**Activity:** The lines below, from the one holding "Sale, house, 610m², Zeleno" through the one holding "Bedroom of Flat", are to be restated word for word, with all images left out.

**Recorded data:**
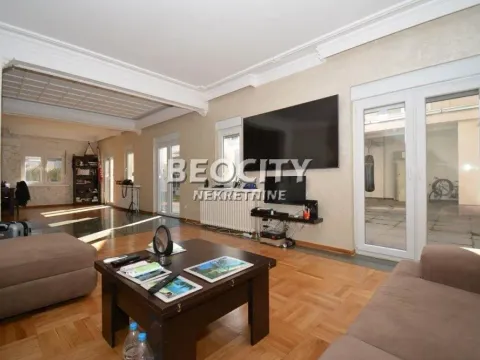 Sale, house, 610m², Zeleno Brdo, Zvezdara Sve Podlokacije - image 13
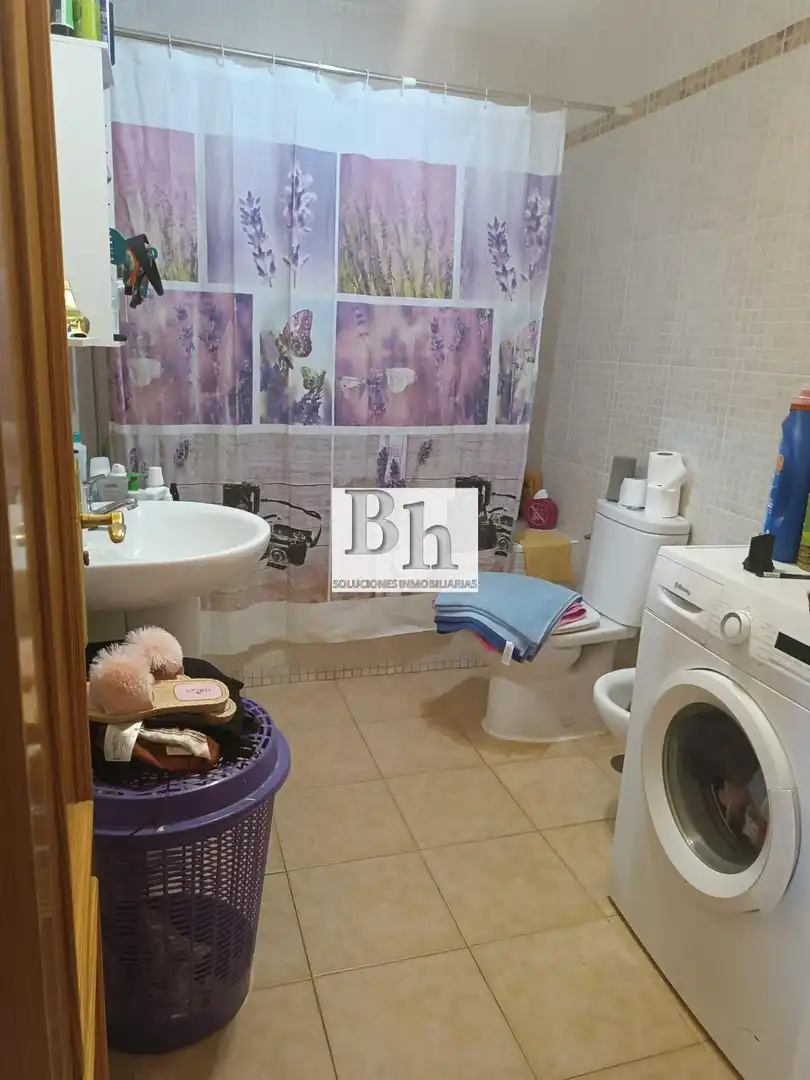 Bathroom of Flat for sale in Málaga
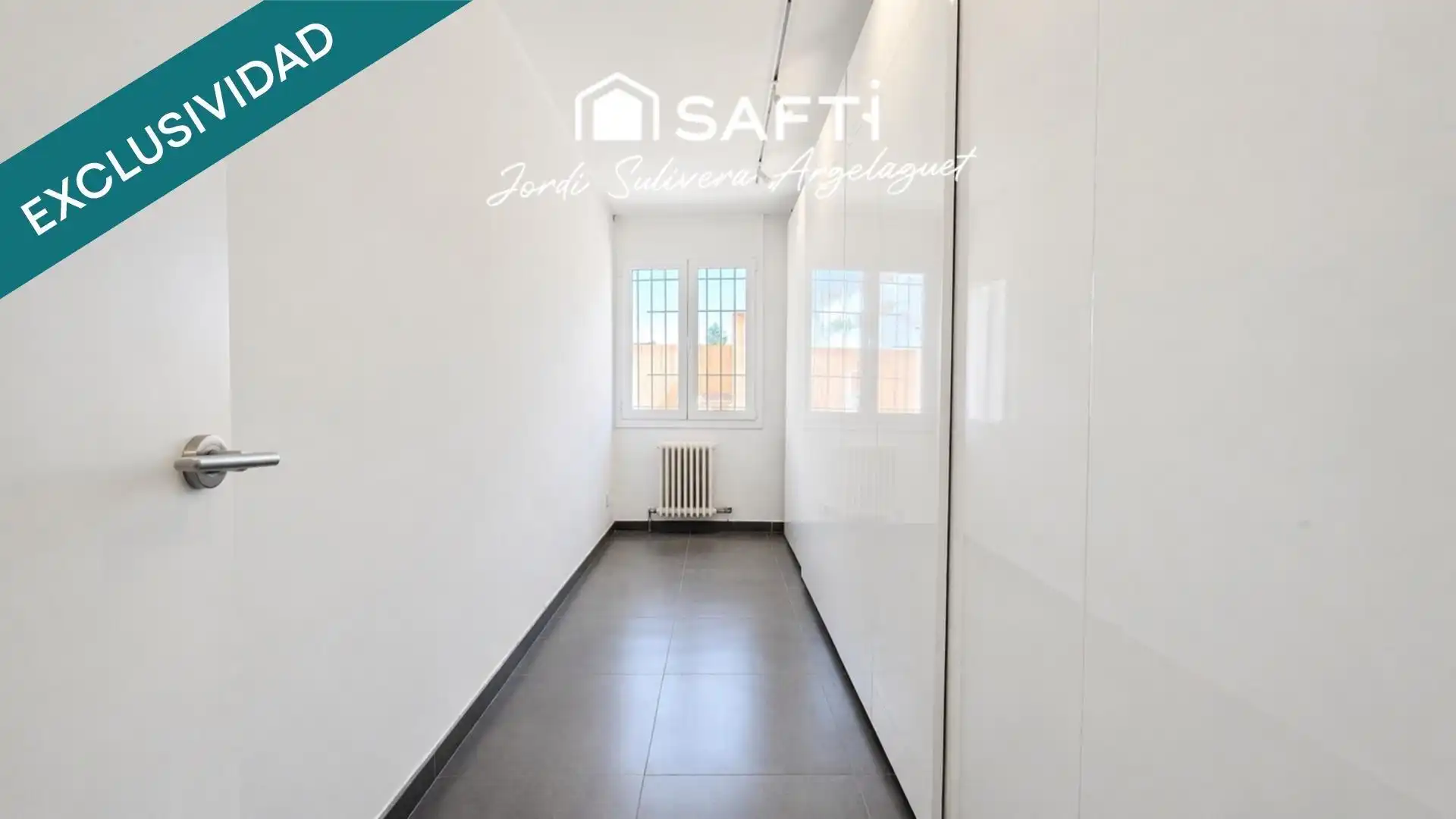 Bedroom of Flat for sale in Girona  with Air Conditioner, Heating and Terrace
---
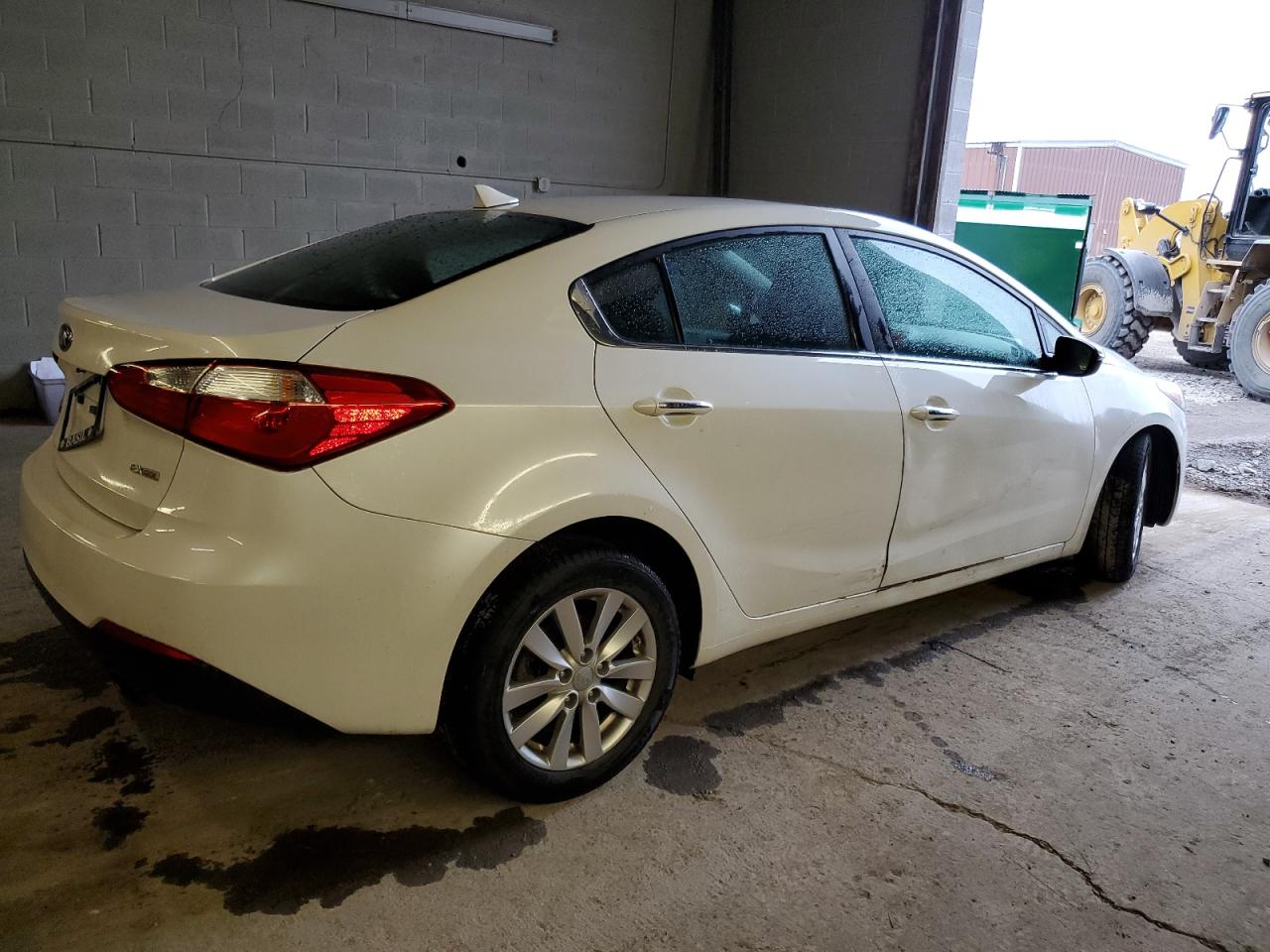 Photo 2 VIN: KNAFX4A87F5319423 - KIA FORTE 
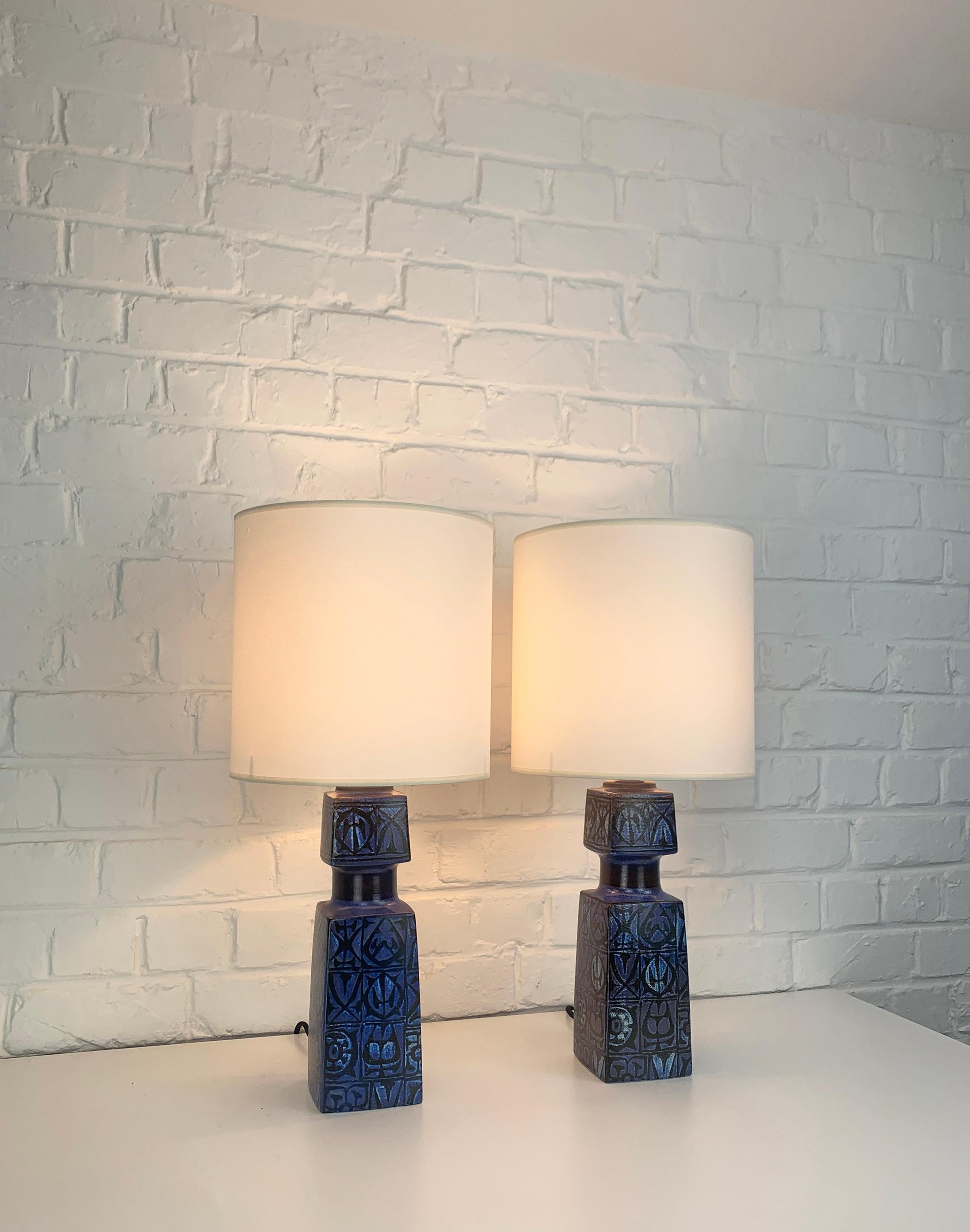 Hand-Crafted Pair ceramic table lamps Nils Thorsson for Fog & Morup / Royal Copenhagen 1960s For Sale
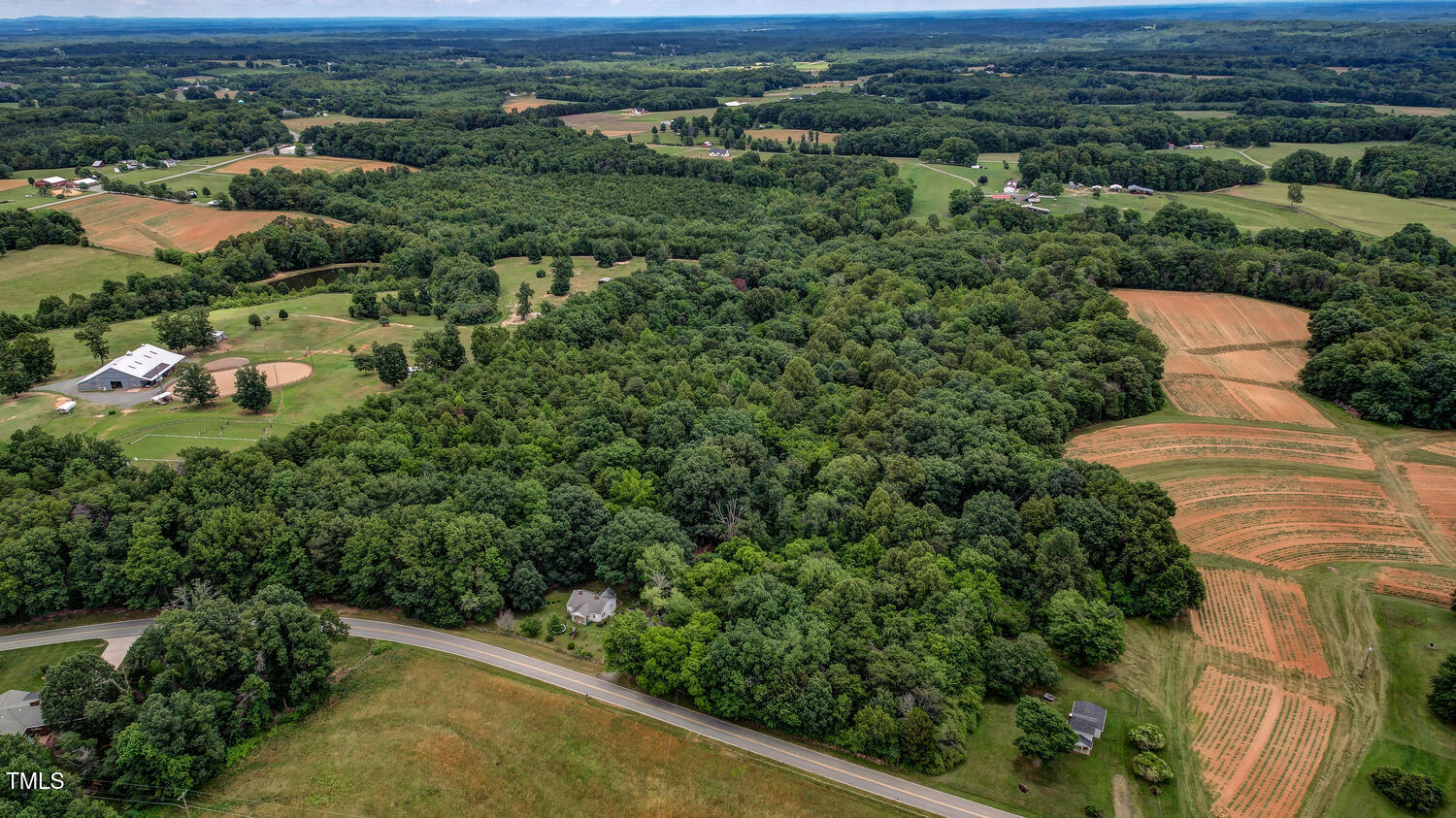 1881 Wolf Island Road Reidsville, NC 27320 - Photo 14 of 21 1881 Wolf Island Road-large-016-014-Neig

**Response to the task:**
 Sale, house, 610m², Zeleno Brdo, Zvezdara Sve Podlokacije - image 13
 Bathroom of Flat for sale in Málaga
 Bedroom of Flat for sale in Girona  with Air Conditioner, Heating and Terrace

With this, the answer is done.